My parents are staying with me. And they are so much worse than I remembered and they are far worse than my ex. The ex really did rescue me from them. And I'm pretty convinced now that their nastiness set my marriage up for failure. I'm not saying we would have stayed married if they had been sweet as pie, but they really didn't help and they went a long way towards making the ex so angry and resentful. Now they're trying to do the same thing with my BF but he's not falling for it. He's standing by my side and being nice to them. My father was making fun of me under his breath to him and he ignored it. I had said something about ordering large vs small portions of Chinese food and my father said "she's a large portion." I didn't hear it, BF told me. When we were leaving my son's piano recital, at 1:30pm when I hadn't eaten anything since breakfast, I ate pita chip getting onto the elevator and my mother snarled "STOP IT!" I was staggered. I said stop what? "STOP EATING!" She was enraged with me for eating because I'm "so fat" and she's "so distressed and so concerned" and "she's a doctor and my doctors haven't mentioned my weight because they just know that some patients won't hear it." I'm simply not fat. I'm not skinny, but no way am I big enough for anyone to be "so distressed" that they yell at me out of nowhere.

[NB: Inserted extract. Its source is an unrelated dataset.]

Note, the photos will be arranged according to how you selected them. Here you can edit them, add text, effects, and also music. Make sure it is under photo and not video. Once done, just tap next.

They are unbearable. They want me to be alone and they always have. They made my BF sit down and have BIG TALK about how I need space and I've had my ex in my head for so long. They've done this to every single man I've ever been with - had the BIG TALK about how the guy has to back off and I need space and blah and blah. They do their best to drive anyone away from me. Neither of them have real friends and they treat the people in their life like garbage. My mother has no friends at all of her own and never has. My father has friends but he treats them so badly. He hasn't spoken to his own brother in years and he won't speak to his brother's children either - and they had nothing to do with whatever it is he's mad about.
Do I really deserve this? Does helping me get away from a horrible marriage mean that they own me and they can yell at me whenever they want? Am I nothing more than a slave? I had really forgotten how horrible my mother is. She's called me the C word, she's called me the B word, she's yelled at me for sleeping, she's withheld food from me, she's yelled at me for putting myself out for my friends ... It's horrible. I feel so triangulated by horrible people. Parents on one side and ex on the other. And I'm frantically trying to get free of all 3 of them so I can live my own life and breathe and be at peace and not be yelled at for liking the wrong kind of music or the wrong TV show or for not laughing at people.

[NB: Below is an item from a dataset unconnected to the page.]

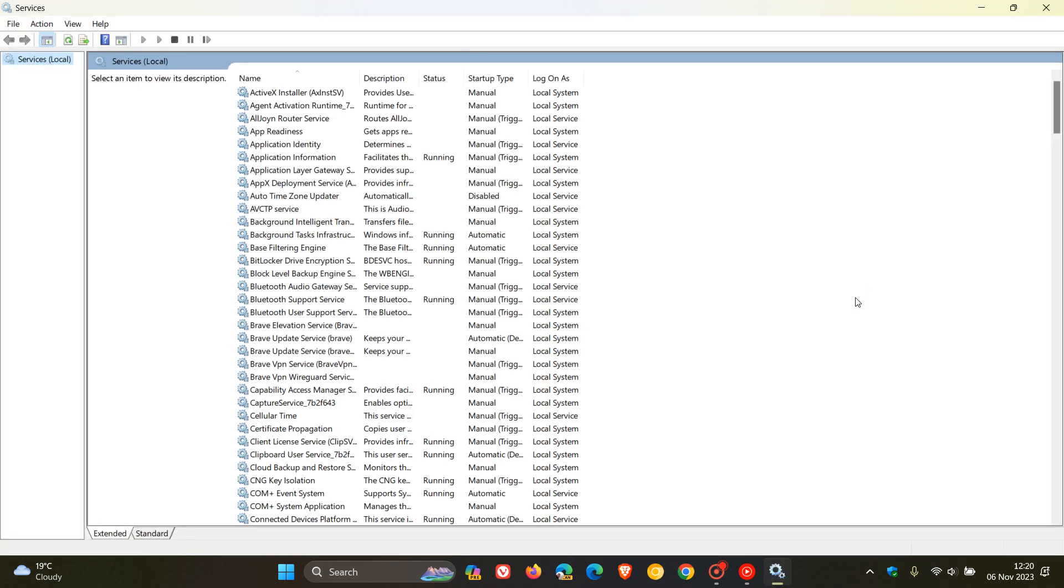The three services now that Microsoft has removed are the computer browser service, web client service, and remote mail slots service. The main reason Microsoft has deprecated these three services is at the end of the day, they are posing a security risk to the OS.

They leave on Saturday. So yet again I am trapped in my own house and trying to get through time. How much of my life has slipped away because I was trying to get through time until I could be in a place where I could breathe? I feel like I can't do it anymore.
At least I'm back at work, and you can bet I'm scheduling all kinds of things after work. Maybe I can avoid seeing them entirely until I take them to the airport. There will probably be another Big Talk at some point then too.